Alastair Farquhar and his two sons, Brian and Alan, reckon this is the best crush they have seen in years – in spite of rainfall figures showing the industry is in the grip of a 1-in-14-year dry spell.
The family – with a home farm on Mackay-Bucasia Road with adjacent leases and a second farm at Belmunda, near Cape Hillsborough – has about 260ha under cane and has been farming in the region for four generations.
“My grandfather bought this farm in 1914, so that’s how long it has been in our family,” Mr Farquhar Snr said.
“We’ve been cutting this morning and we have about 58 per cent of our cane off for the season.

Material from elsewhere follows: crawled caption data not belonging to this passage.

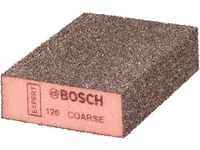 Bosch Accessories 2608901678 Schleifblock (L x B x H) 96 x 96 x 26 mm 1 St.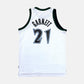 Minnesota Timberwolves - Kevin Garnett - Größe XL - Adidas - NBA Trikot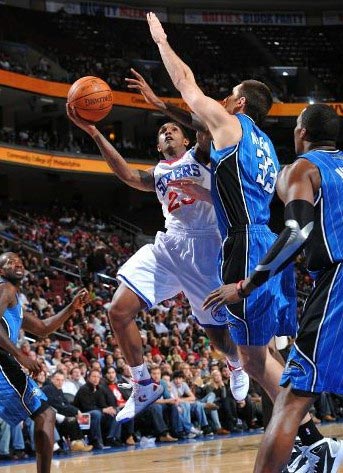 超级力量 超级力量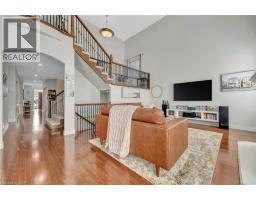 31 PIONEER TOWER Crescent - 19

“This has been the best season we have had as far as our bin allocations and supply and the most reliable for many years.
“The sugar content is up and we are about a unit above the mill but that could all change if we get too much rain or a couple of big storms all at once.”
The Farquhar men all have a laugh at the weather and how they sound like they’re never happy.
“All we want is for some steady rain, to fall on our RDOs and at night. It’s not asking too much surely!” Brian knows how that sounds, though.
“The thing is this,” Mr Farquhar Snr said. “It’s like if you have a mess on your kitchen floor, you want to mop it up, don’t you? You don’t want someone to come in with a big fire hose and flood the place.”
In spite of the weather and the poor sugar prices, the family of growers are still pretty happy with where the season is headed.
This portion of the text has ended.